[Short text fragments from websites]
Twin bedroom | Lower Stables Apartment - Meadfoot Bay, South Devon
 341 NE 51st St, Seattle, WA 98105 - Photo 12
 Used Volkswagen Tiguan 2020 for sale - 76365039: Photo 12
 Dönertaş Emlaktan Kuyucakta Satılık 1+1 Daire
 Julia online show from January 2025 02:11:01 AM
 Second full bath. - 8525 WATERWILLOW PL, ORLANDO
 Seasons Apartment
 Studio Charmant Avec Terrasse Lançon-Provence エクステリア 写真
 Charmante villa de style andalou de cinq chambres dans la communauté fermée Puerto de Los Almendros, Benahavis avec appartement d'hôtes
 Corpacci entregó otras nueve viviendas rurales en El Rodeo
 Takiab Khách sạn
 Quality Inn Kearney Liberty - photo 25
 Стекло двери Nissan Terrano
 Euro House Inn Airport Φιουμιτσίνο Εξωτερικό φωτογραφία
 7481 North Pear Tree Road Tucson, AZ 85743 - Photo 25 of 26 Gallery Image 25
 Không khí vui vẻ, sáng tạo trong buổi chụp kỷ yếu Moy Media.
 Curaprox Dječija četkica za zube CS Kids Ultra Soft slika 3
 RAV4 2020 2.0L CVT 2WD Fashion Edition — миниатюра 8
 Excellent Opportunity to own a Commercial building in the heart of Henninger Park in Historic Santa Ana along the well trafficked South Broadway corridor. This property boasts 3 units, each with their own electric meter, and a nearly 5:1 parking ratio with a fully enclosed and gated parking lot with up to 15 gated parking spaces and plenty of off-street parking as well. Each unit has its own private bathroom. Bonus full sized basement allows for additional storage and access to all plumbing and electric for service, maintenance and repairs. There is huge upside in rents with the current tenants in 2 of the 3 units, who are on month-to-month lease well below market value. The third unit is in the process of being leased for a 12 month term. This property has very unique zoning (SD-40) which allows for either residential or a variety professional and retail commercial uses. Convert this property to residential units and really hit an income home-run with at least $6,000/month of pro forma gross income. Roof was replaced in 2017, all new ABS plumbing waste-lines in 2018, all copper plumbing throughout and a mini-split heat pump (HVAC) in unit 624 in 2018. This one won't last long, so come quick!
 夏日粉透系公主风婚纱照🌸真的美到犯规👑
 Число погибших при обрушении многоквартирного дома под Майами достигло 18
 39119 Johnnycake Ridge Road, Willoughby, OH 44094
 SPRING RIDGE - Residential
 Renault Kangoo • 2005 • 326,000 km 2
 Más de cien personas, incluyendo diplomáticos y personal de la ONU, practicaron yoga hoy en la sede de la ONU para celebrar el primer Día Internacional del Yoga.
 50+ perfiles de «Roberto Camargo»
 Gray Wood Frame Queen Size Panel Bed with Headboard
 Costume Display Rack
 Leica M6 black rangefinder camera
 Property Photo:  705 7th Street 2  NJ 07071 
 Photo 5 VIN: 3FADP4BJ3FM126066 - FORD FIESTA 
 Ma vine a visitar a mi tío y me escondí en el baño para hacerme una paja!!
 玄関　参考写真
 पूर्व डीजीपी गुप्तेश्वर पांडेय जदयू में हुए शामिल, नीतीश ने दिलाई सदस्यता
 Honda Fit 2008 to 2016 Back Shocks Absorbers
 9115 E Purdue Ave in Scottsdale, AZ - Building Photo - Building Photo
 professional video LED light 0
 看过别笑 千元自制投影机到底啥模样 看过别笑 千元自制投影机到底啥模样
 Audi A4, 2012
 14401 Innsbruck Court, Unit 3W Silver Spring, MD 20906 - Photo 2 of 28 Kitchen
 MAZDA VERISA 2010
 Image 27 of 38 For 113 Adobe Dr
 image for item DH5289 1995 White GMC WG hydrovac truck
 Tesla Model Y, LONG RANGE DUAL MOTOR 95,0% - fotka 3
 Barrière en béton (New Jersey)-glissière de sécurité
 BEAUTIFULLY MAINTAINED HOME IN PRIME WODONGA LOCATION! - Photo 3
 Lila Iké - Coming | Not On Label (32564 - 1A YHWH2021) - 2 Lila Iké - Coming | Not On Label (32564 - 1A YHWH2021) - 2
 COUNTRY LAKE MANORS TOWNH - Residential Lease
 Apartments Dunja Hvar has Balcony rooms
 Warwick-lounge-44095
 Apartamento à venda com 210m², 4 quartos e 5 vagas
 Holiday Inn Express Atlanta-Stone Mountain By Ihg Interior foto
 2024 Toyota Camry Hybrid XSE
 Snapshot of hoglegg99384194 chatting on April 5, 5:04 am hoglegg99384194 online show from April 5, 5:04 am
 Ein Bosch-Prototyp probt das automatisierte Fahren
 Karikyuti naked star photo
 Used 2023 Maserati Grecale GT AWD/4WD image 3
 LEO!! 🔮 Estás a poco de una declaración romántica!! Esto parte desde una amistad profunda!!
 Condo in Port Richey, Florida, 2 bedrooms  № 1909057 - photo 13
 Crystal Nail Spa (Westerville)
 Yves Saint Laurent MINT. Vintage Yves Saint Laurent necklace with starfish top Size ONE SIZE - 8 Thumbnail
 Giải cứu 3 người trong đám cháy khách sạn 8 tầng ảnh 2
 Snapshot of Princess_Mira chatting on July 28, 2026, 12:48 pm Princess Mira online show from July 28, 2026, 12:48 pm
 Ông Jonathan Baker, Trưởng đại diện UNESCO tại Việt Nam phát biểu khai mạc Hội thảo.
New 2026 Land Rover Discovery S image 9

:: Directions for this task ::
Starting with the first line of the records above, give back each line exactly until the line with "RAV4 2020 2.0L" has been given as well.

:: Written answer ::
Twin bedroom | Lower Stables Apartment - Meadfoot Bay, South Devon
 341 NE 51st St, Seattle, WA 98105 - Photo 12
 Used Volkswagen Tiguan 2020 for sale - 76365039: Photo 12
 Dönertaş Emlaktan Kuyucakta Satılık 1+1 Daire
 Julia online show from January 2025 02:11:01 AM
 Second full bath. - 8525 WATERWILLOW PL, ORLANDO
 Seasons Apartment
 Studio Charmant Avec Terrasse Lançon-Provence エクステリア 写真
 Charmante villa de style andalou de cinq chambres dans la communauté fermée Puerto de Los Almendros, Benahavis avec appartement d'hôtes
 Corpacci entregó otras nueve viviendas rurales en El Rodeo
 Takiab Khách sạn
 Quality Inn Kearney Liberty - photo 25
 Стекло двери Nissan Terrano
 Euro House Inn Airport Φιουμιτσίνο Εξωτερικό φωτογραφία
 7481 North Pear Tree Road Tucson, AZ 85743 - Photo 25 of 26 Gallery Image 25
 Không khí vui vẻ, sáng tạo trong buổi chụp kỷ yếu Moy Media.
 Curaprox Dječija četkica za zube CS Kids Ultra Soft slika 3
 RAV4 2020 2.0L CVT 2WD Fashion Edition — миниатюра 8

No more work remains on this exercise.